Our story — Meet Markus
I grew up in Ballarat, third generation Australian, grandfather came out from Bavaria in 1962 and ran a hardware shop on Sturt Street until he retired. Mum raised three of us mostly on her own after Dad left, and she was always very clear about one thing: you build something that pays its own way or you don't build it at all. That stuck. I spent my twenties doing project management for a civil contractor out of Geelong, long drives, long weeks, decent money but not much else. When my marriage ended in 2019 and I had two kids every other week, I needed work that could actually fit around school pickups. That was the real starting point.
Before Ridgeway Goods there was a pretty ordinary stretch of about eighteen months where I tried a few things that didn't work. I sold second-hand tools on Facebook Marketplace for a while, made maybe $400 in a good month. I did some subcontracting work for a builder in Sebastopol but the hours were all wrong. What I kept coming back to was a market stall I'd run twice at the Ballarat Farmers Market in 2020, selling leather goods I'd sourced from a small tannery contact I had near Naracoorte in South Australia. Both Saturdays I sold out before noon. That told me something worth paying attention to.
I sat down in January 2021 with a spreadsheet and worked out what I needed to clear each month to cover rent, the kids' school fees, and keep the lights on.
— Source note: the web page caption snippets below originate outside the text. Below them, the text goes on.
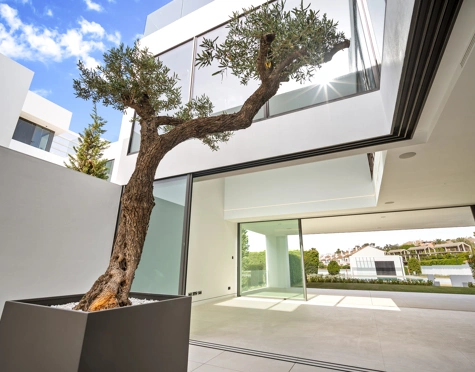Semi Detached Villa for sale in Marbella Golden Mile
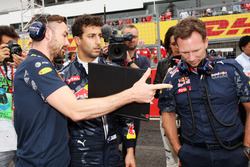 Саймон Ренни, Даниэль Риккардо и Кристиан Хорнер, Red Bull Racing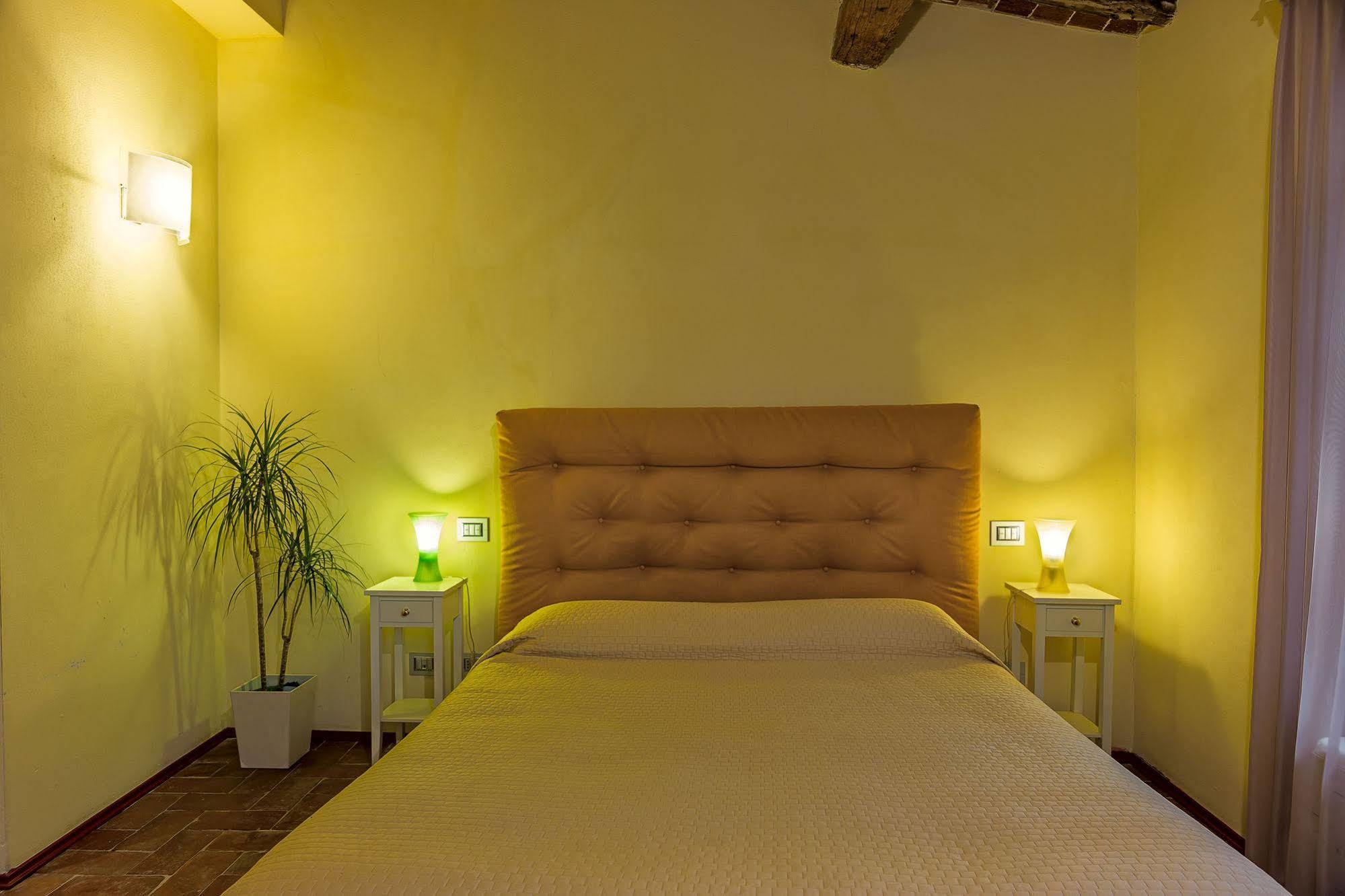 Antica Residenza Dell'Angelo Hotel Lucca Exterior photo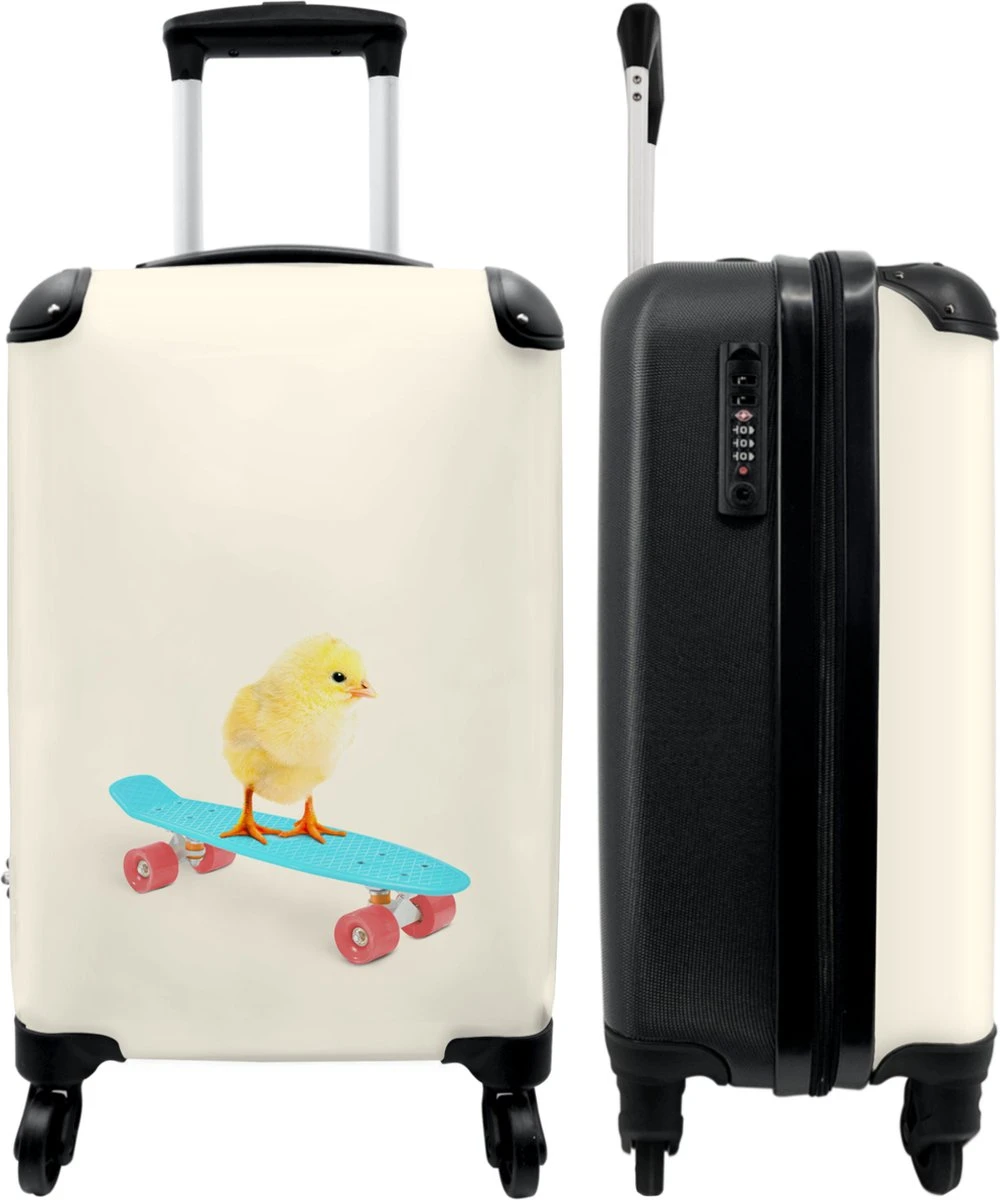 NoBoringSuitcases.com® Kinderkoffer - Trolley Op Wieltjes - Kuiken - Skateboard - Blauw - Kinderen - Dieren - Reiskoffer Kinderen - Past Binnen 55x40x20 Cm En 55x35x25 Cm - Fotokoffer 1 NoBoringSuitcases.com® Kinderkoffer - Trolley Op Wieltjes - Kuiken - Skateboard - Blauw - Kinderen - Dieren - Reiskoffer Kinderen - Past Binnen 55x40x20 Cm En 55x35x25 Cm - Fotokoffer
The number was $3,800. I mapped out what margin I'd need per unit, what volume was realistic through an online store versus markets, and whether I could get there without taking on stock I couldn't move. I registered the business in March 2021 and spent $2,200 on the first proper inventory run, mostly sourced through contacts in the Southern Highlands and that Naracoorte tannery. Ridgeway Goods launched online in May 2021 from a spare room in my house on Humffray Street.
We're based out of a small workshop space in Bowral now, which I moved to in mid-2023 when the Ballarat setup got too cramped. The online store does most of the volume, but I still do four or five markets a year, including the Bowral Tulip Time festival and a couple of Southern Highlands Producers markets. The business cleared $3,800 in its third month and hasn't gone below that since. It's not a huge operation, but it's mine and it works.
— Build what pays its way. — Markus, Markus Mueller
Journal
How I finally tracked down the right leather tannery
I spent about four months on the phone before I found a tannery in South Australia that would actually talk to a small order.
When I started Ridgeway Goods I had a very specific idea about the wallet. It needed to be kangaroo leather, not because it sounds interesting on a product page, but because kangaroo hide is genuinely thinner and tougher than bovine leather at the same weight, and for a slim wallet that actually matters. The problem was that every tannery I contacted in the first two months had minimum order quantities that assumed I was running a factory, not a spare bedroom in Bowral. I got a lot of polite nos and one fairly impolite one.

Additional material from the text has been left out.